The dispute arose in connection with a unionization attempt by Wal-Mart employees. The union election was not held as the employees instead brought charges against Wal-Mart before the National Labor Relations Board, claiming that unionization efforts were improperly undermined by Wal-Mart’s Union Exclusion Clause in its 401(k) plan, profit-sharing plan, and health and welfare plan. Settlement discussions involving the NLRB are said to be in progress.

Separately, the employees brought a lawsuit under ERISA, claiming that the plans’ summary plan descriptions (SPDs) were misleading and inaccurate. The plaintiffs also argued that Wal-Mart violated fiduciary duties by placing the union exclusion in Associate Benefit Books.  The employees sought injunctive relief, monetary damages, and attorneys’ fees.

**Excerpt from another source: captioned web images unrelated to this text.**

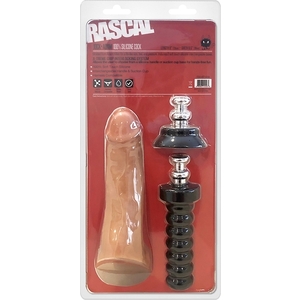 Jocks Adam – Silicona – Nude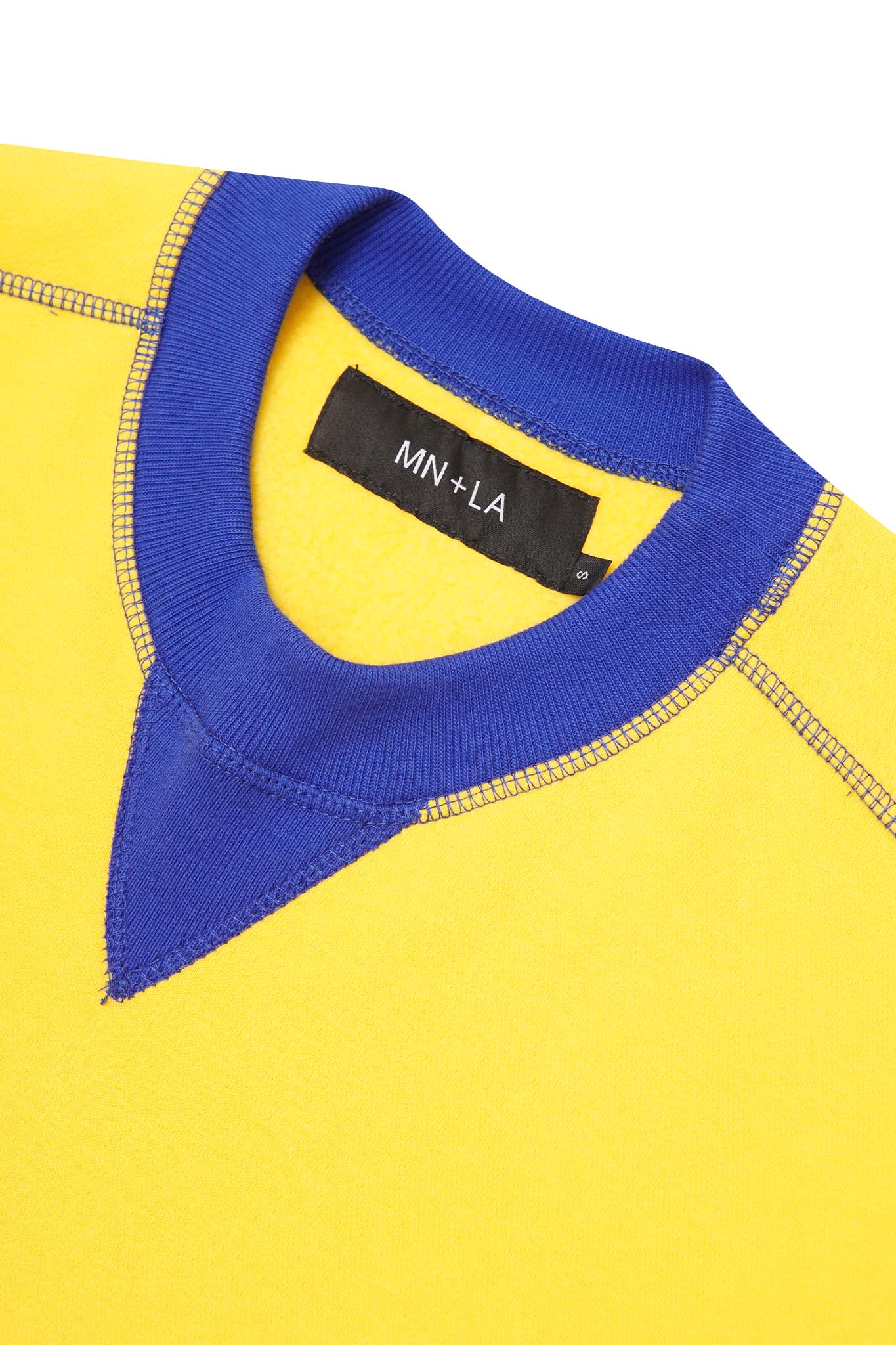 M'$ UNIVERSITY V2 IN CANARY YELLOW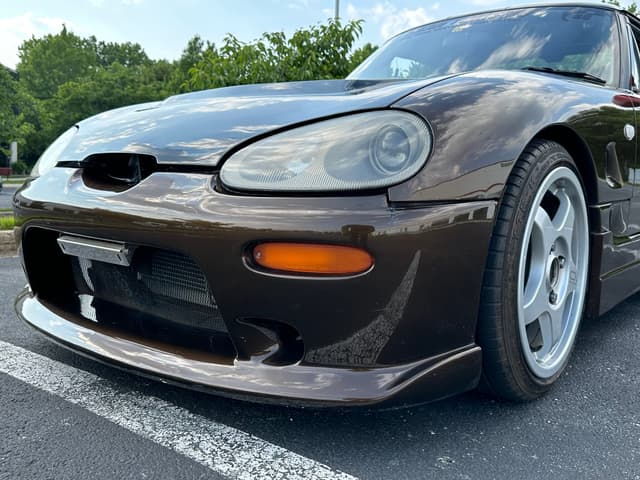 1996 Suzuki Cappuccino JDM car for sale — photo 4 of 18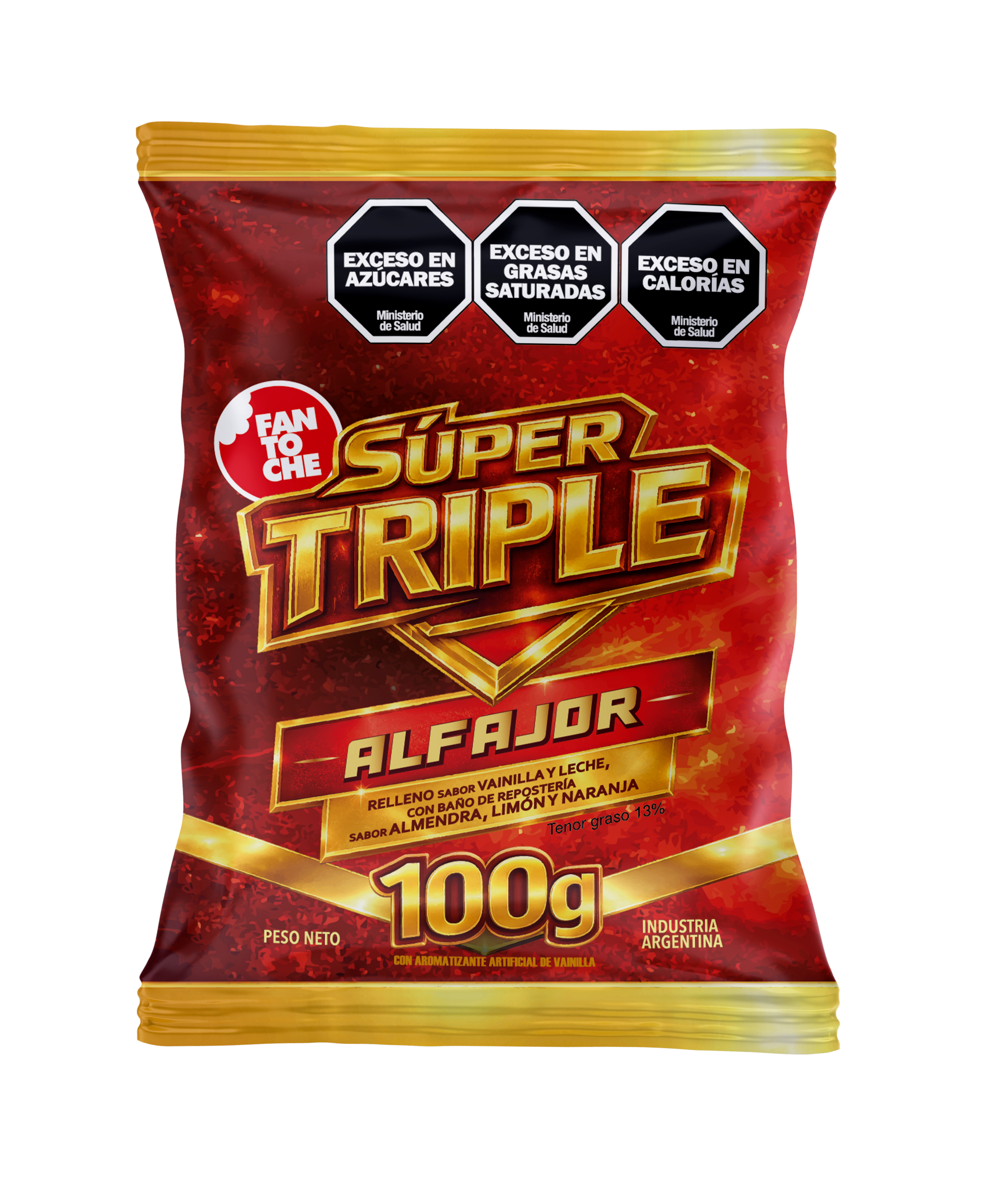 Alfajor Super Triple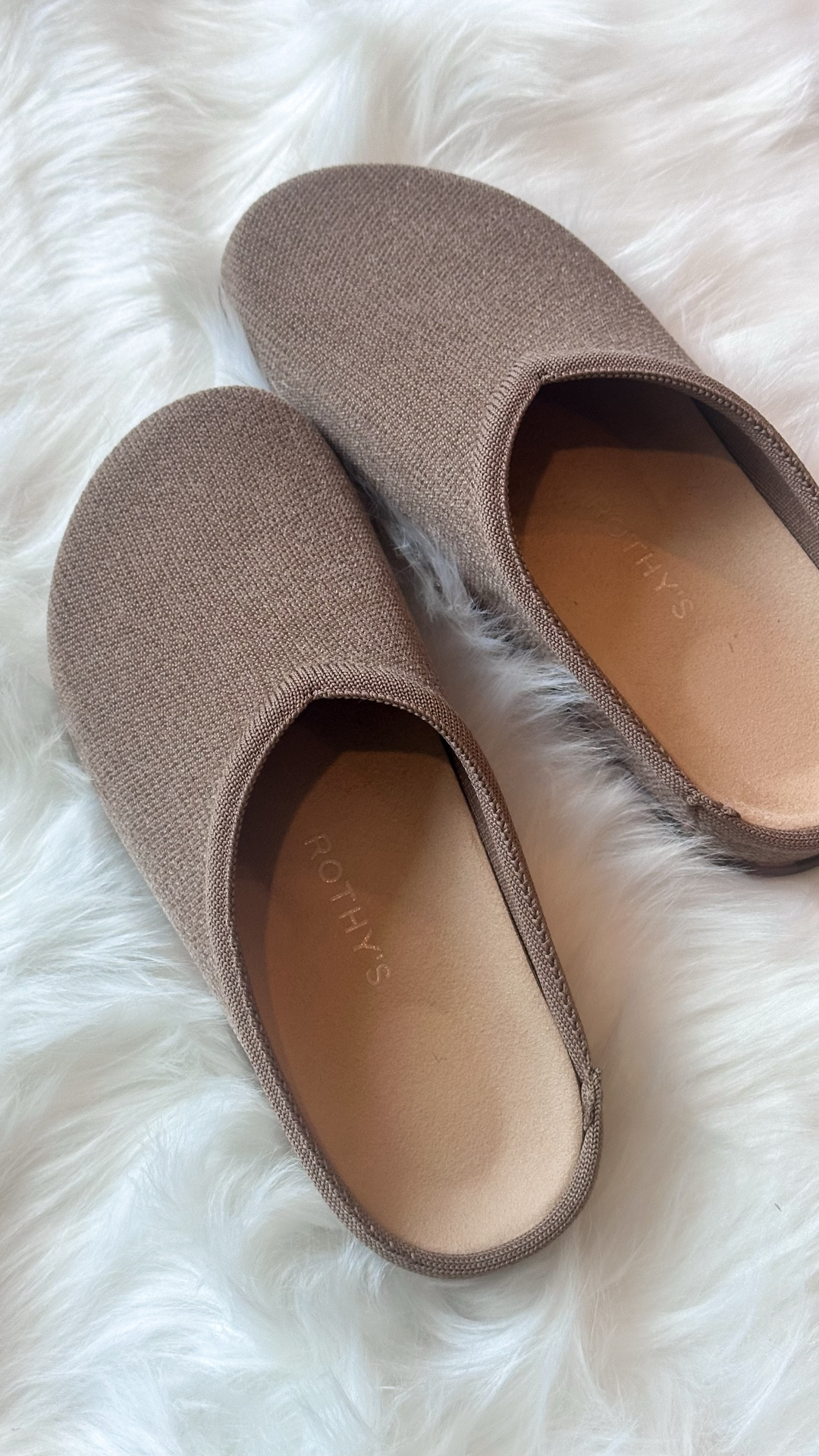 My Rothy’s have arrived and they are even better in person! I got the color: Portobello 

#LTKStyleTip #LTKShoeCrush #LTKSeasonal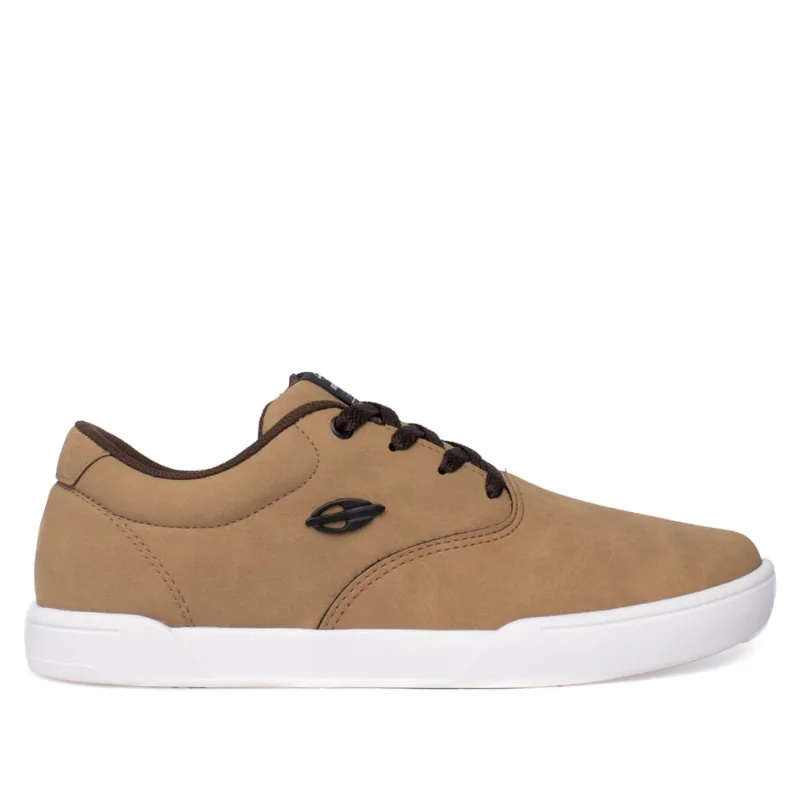 Tênis Mormaii Masculino Chuck 2 Areia/Branco - 37
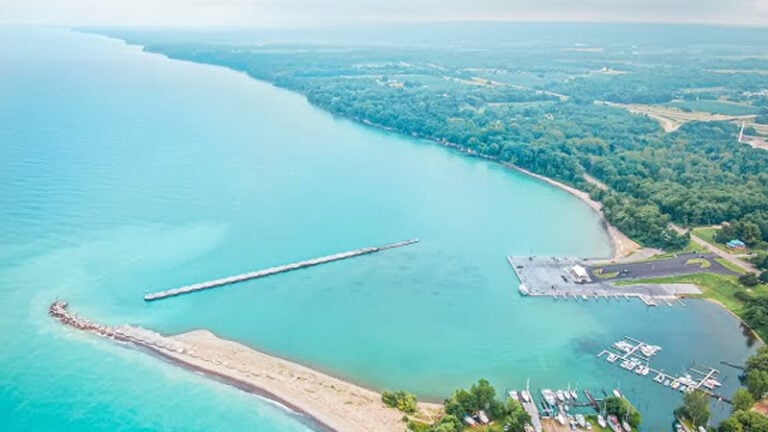 Westfield NY Fishing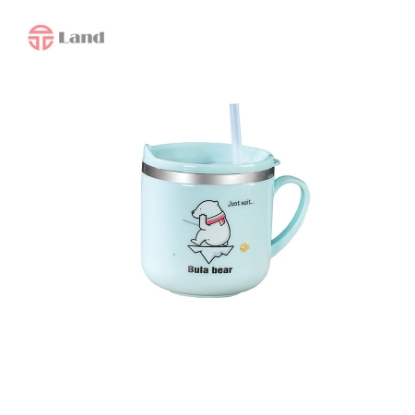 ماگ آسان نوش استیکر دار بچگانه ماگ آسان نوش استیکر دار بچگانه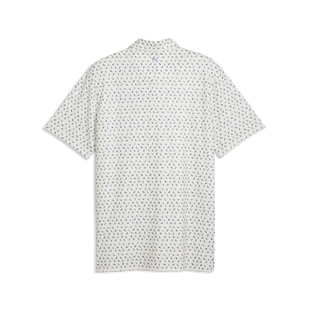 Men's MATTR Fly Short Sleeve Polo PUMA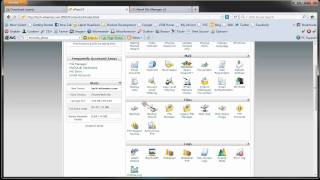 Joomla 1.5 1.6 1.7 & 2.5 How to install using cPanel - Detailed setup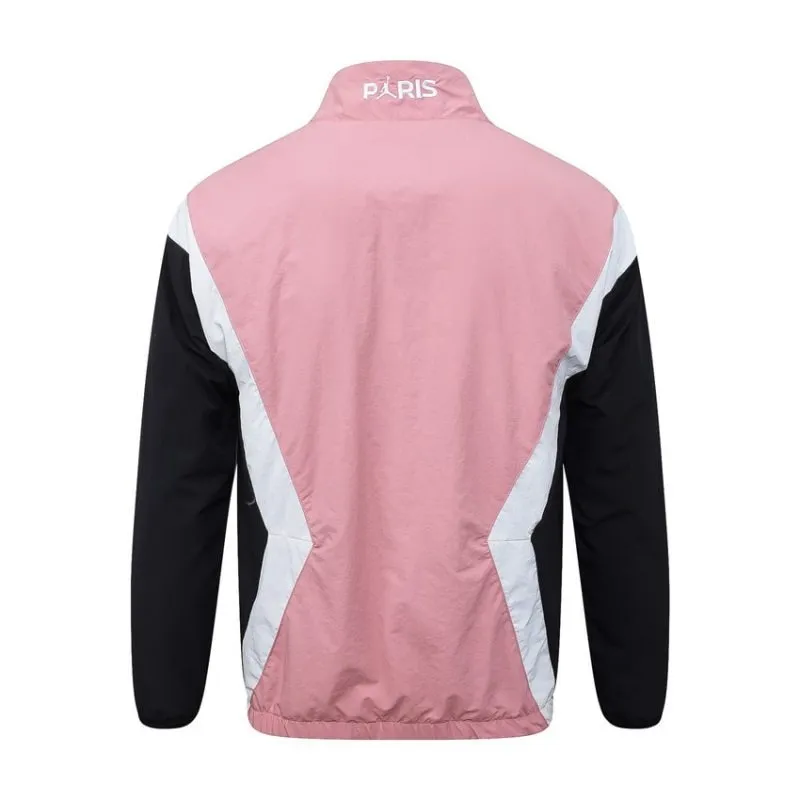 Paris Saint-Germain 2025/26 Veste de sport - Noir/Rose
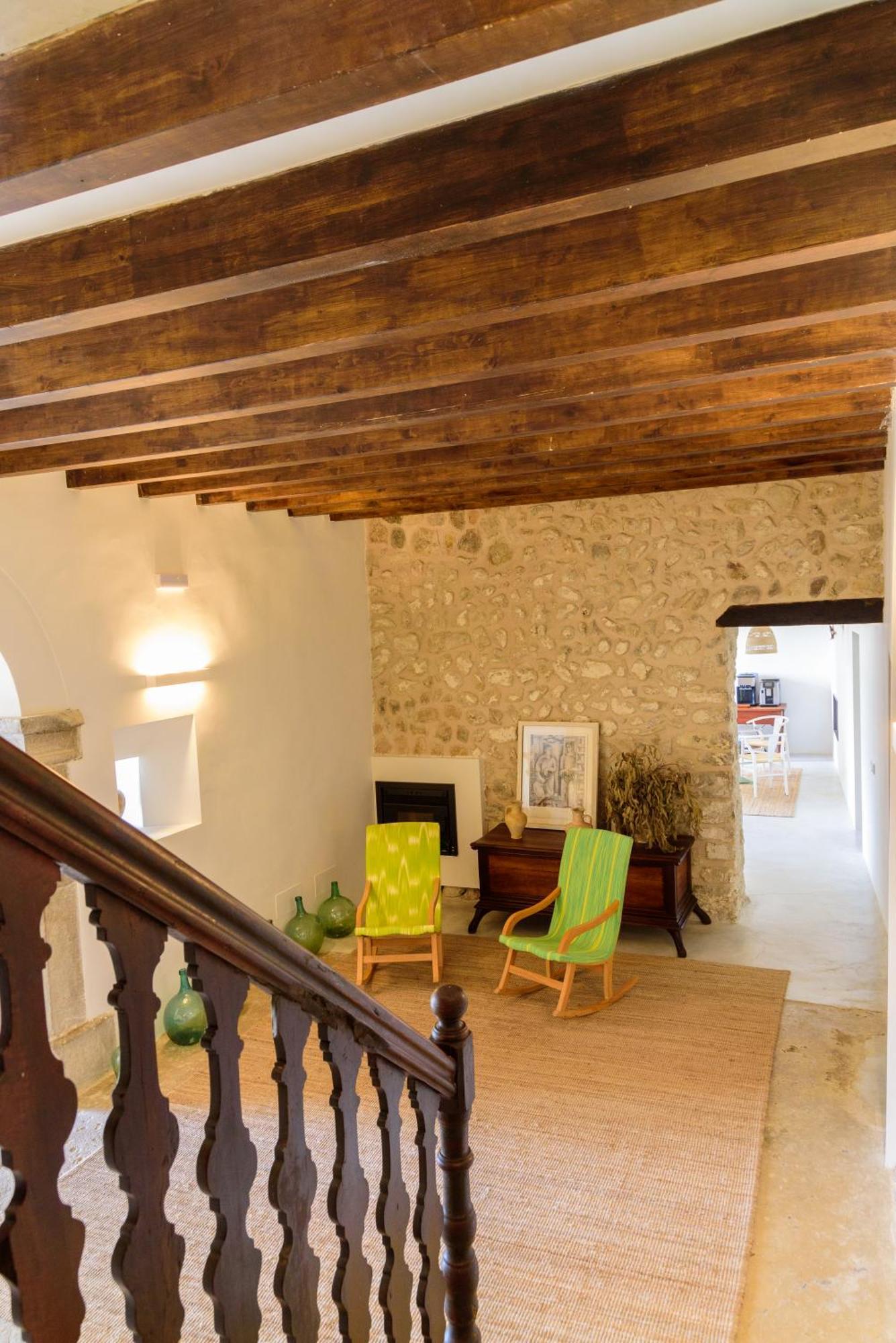 Agroturisme Subies Selva  Exterior foto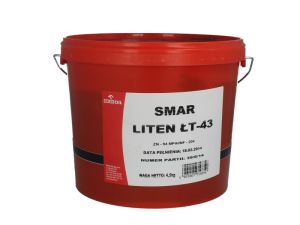Smar do łożysk LITEN LT-43 4,5KG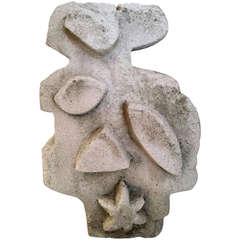 Lava Rock Sculpture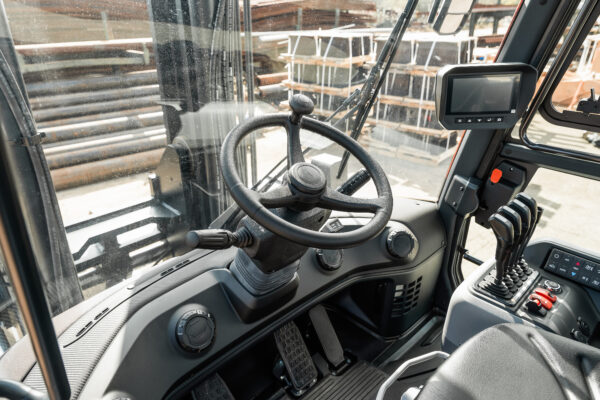 Bobcat D100S-9 heftruck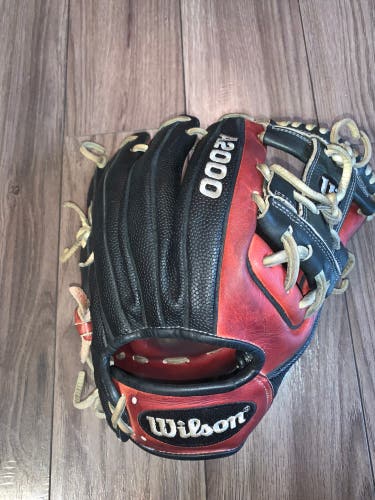 11.5" A2000 Baseball Glove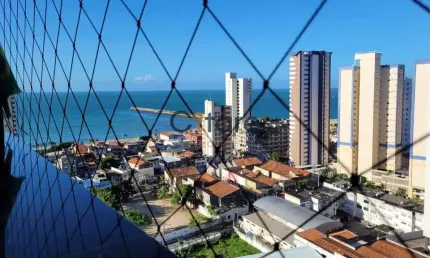 Apartamento com 2 quartos à venda na dos Guanacés, 100, Praia de Iracema, Fortaleza por R$ 520.000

The District Court for the Western District of Arkansas dismissed the ERISA complaint, concluding that it lacked subject matter jurisdiction due to preemption by the primary jurisdiction of the NLRB under the National Labor Relations Act.  The 8th Circuit has reversed that dismissal, finding no conflict between ERISA and NLRA with respect to the claims raised. Although the plaintiffs relied on the plans’ union exclusion clause for actions still being addressed by the NLRB, the determination of whether the SPD and other plan documents satisfy ERISA is a separate issue subject to the federal court’s jurisdiction.  Similarly, the issue of ERISA fiduciary violation is separate from a decision as to whether the union exclusion clause violates NLRA.